▸ **EXERCISE INSTRUCTIONS**: Scan the records beneath this line for the line holding "Immaculate Commercial Stainless" and the line holding "South Rehoboth Condo", then transcribe exactly those two and all lines between.

▸ **PROVIDED ENTRIES**:
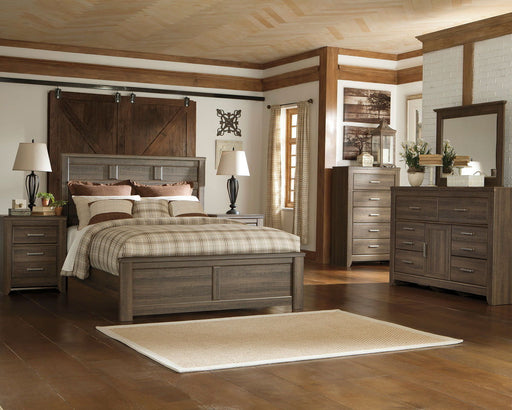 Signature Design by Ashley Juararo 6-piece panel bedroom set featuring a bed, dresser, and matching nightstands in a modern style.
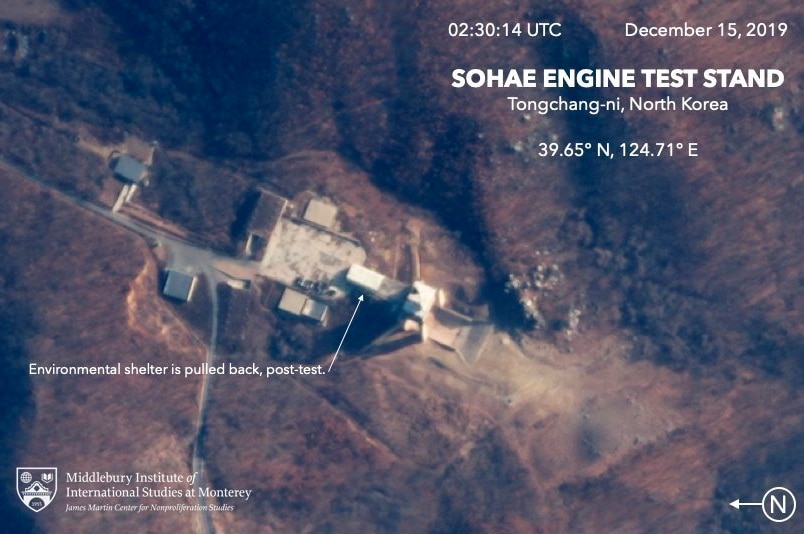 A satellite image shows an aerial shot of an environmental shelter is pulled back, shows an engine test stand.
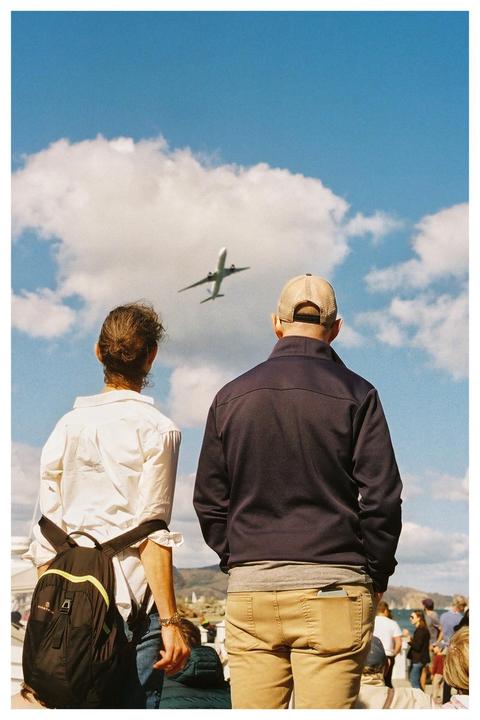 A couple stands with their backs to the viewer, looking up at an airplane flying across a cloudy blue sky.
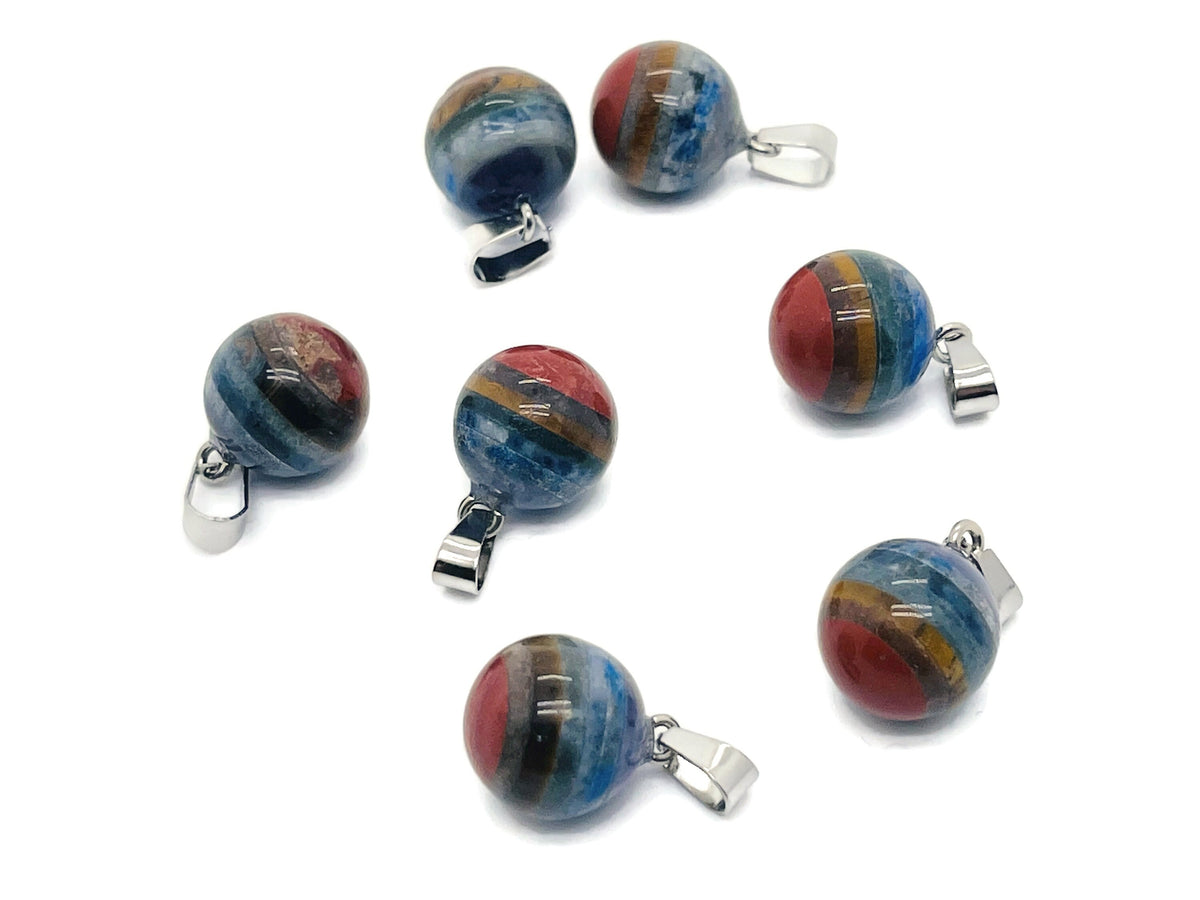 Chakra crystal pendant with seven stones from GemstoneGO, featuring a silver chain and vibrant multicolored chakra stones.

---

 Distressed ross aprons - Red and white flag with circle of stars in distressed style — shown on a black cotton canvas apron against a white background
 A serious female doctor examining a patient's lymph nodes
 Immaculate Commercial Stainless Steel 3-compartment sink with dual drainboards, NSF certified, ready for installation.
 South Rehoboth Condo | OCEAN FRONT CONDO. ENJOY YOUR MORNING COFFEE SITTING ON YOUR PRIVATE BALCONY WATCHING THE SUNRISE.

▸ **SOLUTION FOR THIS EXERCISE**:
 Immaculate Commercial Stainless Steel 3-compartment sink with dual drainboards, NSF certified, ready for installation.
 South Rehoboth Condo | OCEAN FRONT CONDO. ENJOY YOUR MORNING COFFEE SITTING ON YOUR PRIVATE BALCONY WATCHING THE SUNRISE.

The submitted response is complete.